Container Runtime Interface

The kubelet knows what containers to start. It has the Pod spec, the image names, the resource limits. But it does not know how to pull an image from a registry, create Linux namespaces, or manage cgroups. That knowledge belongs to the container runtime. The Container Runtime Interface is the contract that connects the two.

kubectl get nodes -o yaml

Find the status.nodeInfo.containerRuntimeVersion field. It shows something like containerd://1.7.x. That version string tells you which runtime is running on the node and which version the kubelet negotiated with at startup.

Why CRI exists

Before CRI was introduced in 2016, the kubelet contained direct integration code for Docker. Any team wanting to use a different runtime had to modify the kubelet itself. CRI replaced that tight coupling with a standard gRPC interface. Any runtime that implements the CRI spec can plug in without touching the kubelet.

The CRI defines two services: RuntimeService for managing Pods and containers (create, start, stop, remove, exec), and ImageService for managing images (pull, list, remove). The kubelet calls these services over a Unix socket, typically at /run/containerd/containerd.sock.

The pause container and network namespaces

A Pod can hold multiple containers that all share the same network. For two processes to share a network namespace, one of them has to create it first and the other has to join it. If application containers created their own namespaces, they would have to coordinate in complex ways. Kubernetes avoids this with a dedicated infrastructure container called the pause container.

When the kubelet asks the runtime to create a Pod, the runtime starts the pause container first. The pause container does nothing except hold the network namespace open. Every application container in the Pod then joins that namespace. If an application container crashes and restarts, it rejoins the pause container’s namespace. The network identity, the IP address and the port bindings, never changes.

From kubelet call to running container

Trace the full sequence of a single container start:

1. The kubelet calls RuntimeService.RunPodSandbox to create the Pod sandbox (the pause container and its namespace).
2. The CNI plugin assigns an IP to the sandbox’s network interface.
3. The kubelet calls ImageService.PullImage for each container image that is not yet on the node.
4. The kubelet calls RuntimeService.CreateContainer for each application container, attaching it to the sandbox.
5. The kubelet calls RuntimeService.StartContainer.
6. containerd-shim forks runc, which reads the OCI bundle (the container filesystem + config) and executes the process.
7. runc exits. The shim remains running as the container’s parent process, keeping the container alive and collecting its exit code.

kubectl get pods

The transition from ContainerCreating to Running corresponds to steps 1 through 6 completing. If the Pod stays in ContainerCreating, one of those steps failed, most often an image pull error or a missing volume mount.

The shim and why it matters for upgrades

The containerd-shim process sits between containerd and the running container.

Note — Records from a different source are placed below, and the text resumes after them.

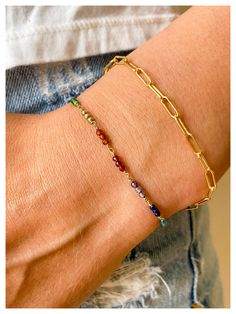 This dainty paper clip bracelet is so cute, you'll never want to take it off! Add it to your stack and you're sure to get some compliments. Details 14k gold fill 6" with 1" extension chain Trendy Link Paperclip Bracelet With Adjustable Chain, Trendy Adjustable Link Paperclip Bracelet, Trendy Beaded Bracelets With Adjustable Chain For Everyday, Trendy Adjustable Paperclip Bracelet With Oval Link, Minimalist Beaded Bracelets With Satellite Chain For Everyday, Modern 14k Gold Filled Everyday Bracelet, Adjustable Paperclip Bracelet With Rectangular Links, Trendy Paperclip Bracelet With Adjustable Rectangular Links, Trendy Adjustable Paperclip Bracelet With Delicate Chain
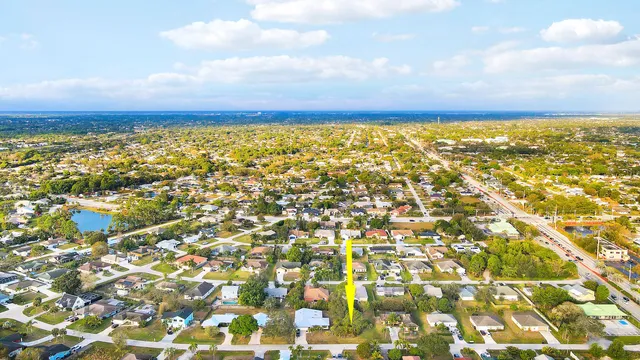 a view of city and ocean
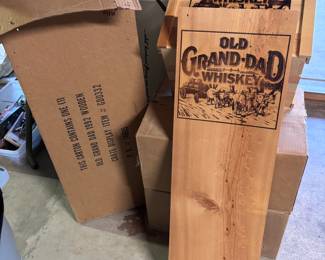 Old Grandad whiskey display
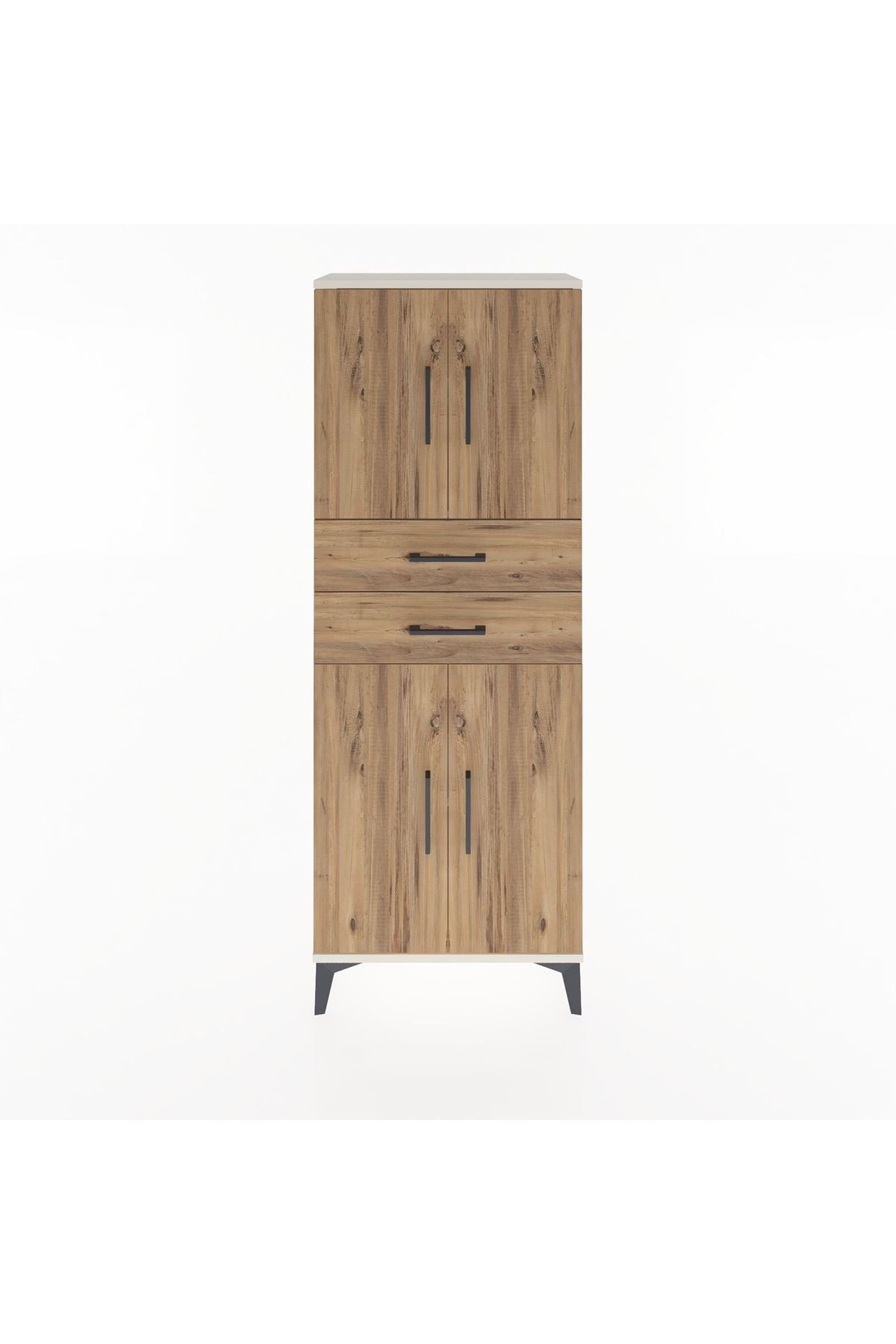 Arges Dolap 3 Raflı 2 Çekmeceli 4 Kapaklı 60x30x163 - S20M113V3A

It keeps the container alive even if containerd itself restarts. This architecture is what makes it safe to restart the container runtime without killing all running containers, which is a requirement for live upgrades.

kubectl describe node sim-worker

Look at the Addresses, Capacity, and Allocatable fields. The difference between Capacity and Allocatable represents resources reserved for system processes, including the runtime itself. The scheduler only considers Allocatable when filtering nodes, which is why a node’s schedulable capacity is always slightly less than its raw hardware capacity.

The CRI turns a general-purpose Linux system into a Kubernetes node. Every container that runs in the cluster passed through this interface, from the first RunPodSandbox call to the final RemoveContainer when the Pod is deleted.